The dog has refused to move an inch from the location and simply stares downhill at the long stretch for his owner.
The light-brown dog discovered in chilly Nagano prefecture was first spotted by a local couple on December 4 while they were out driving. The couple, both in their 70s, were driving along the high mountain road when they spotted the sad-looking dog standing in an open section of land near the roadside, facing down the sloping path.
The dog is said to be of muscular build and was believed to have been kept as a hunting dog, though now clearly malnourished and having been exposed to the elements for so long he is started looking rather worse for wear.

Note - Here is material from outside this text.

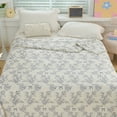 thumbnail image 5 of Cinvoph Summer Cooling Blanket Washed Double Layer Yarn Comforter Lightweight Floral Print Bedding for All Season Use, 59"x79", 5 of 6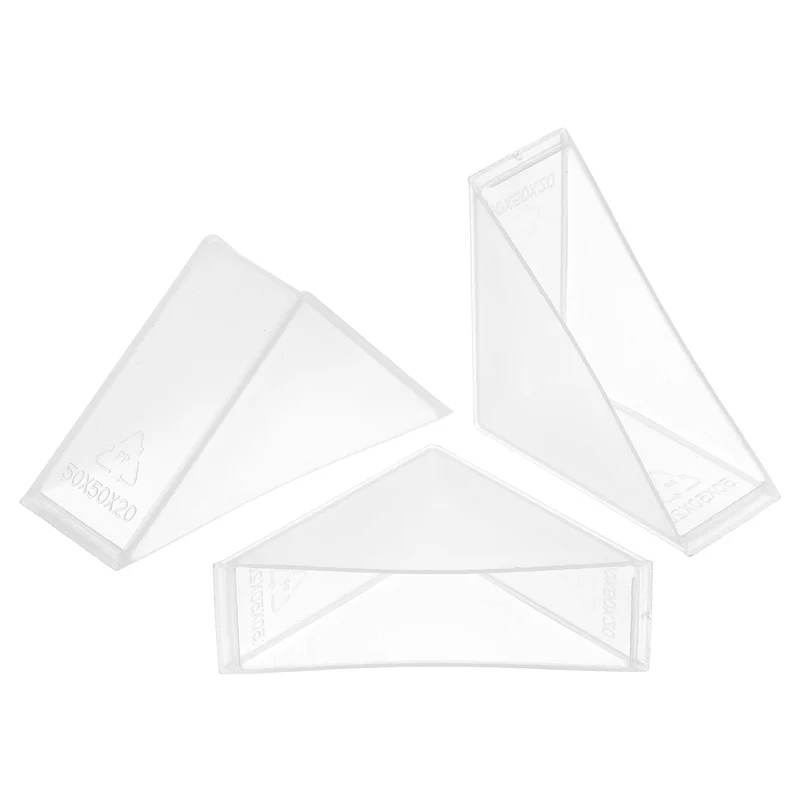 8Pcs Corner Protectors 20x70mm Plastic Right Angle Corner Guards Cushion, White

“He may have strayed too far from his master,” commented the couple who first sighted the pooch, “but if he’s simply been abandoned, wait as he might his master almost definitely isn’t coming back. I feel so sorry for him; he must be hungry.”
More than seven days later, apart from having turned to brace against the bitterly cold wind, the dog has remained in the same spot and is seemingly still awaiting his owner’s return.

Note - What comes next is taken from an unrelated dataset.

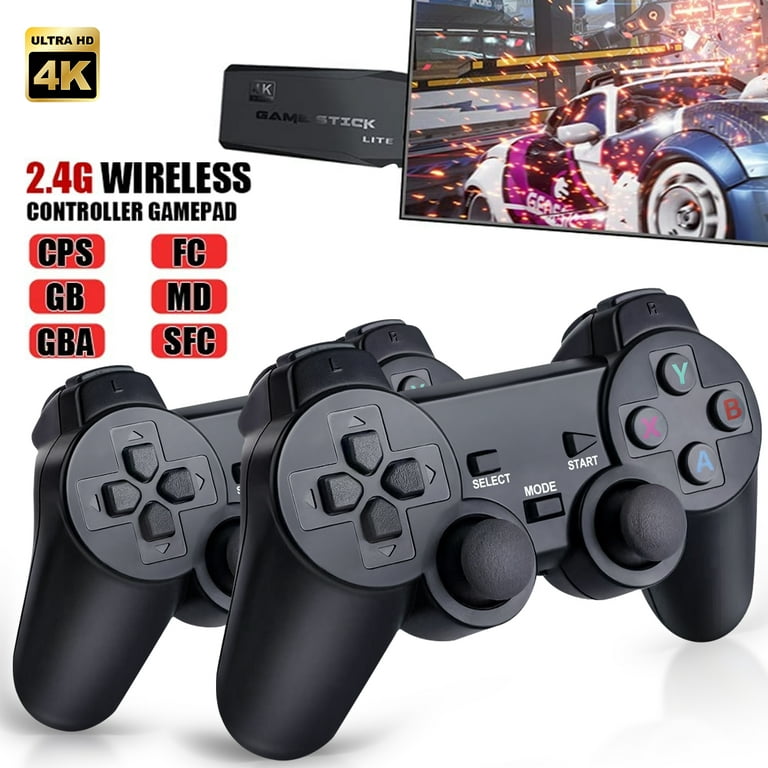 M8 Video Game Console 2.4G Double Wireless Controller Game Stick 4K 10000  games 64GB 32GB Retro games For PS1/GBA boy gift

Quite why no one has picked the pooch up and taken him somewhere safe and warm, we have no idea. We’ll be sure to bring you more information about this sad but infinitely dutiful dog as soon as it emerges.

A movie was made in 2009 of a dog named  Hachikō which waited for his master every day outside Tokyo’s Shibuya station for an incredible nine years after his death. The dog would go to meet his master Hidesaburo Ueno coming home from work at the same time each day for years, but after Ueno suffered a stroke and died, his dog continued to return to the station daily until his own death nine years later, much to the sorrow of local residents and station staff who grew to love and pity him. Visitors to the station today can see a memorial statue of the faithful pooch standing outside the entrance closest to the famous “scramble” street crossing, appropriately named the “Hachiko exit”.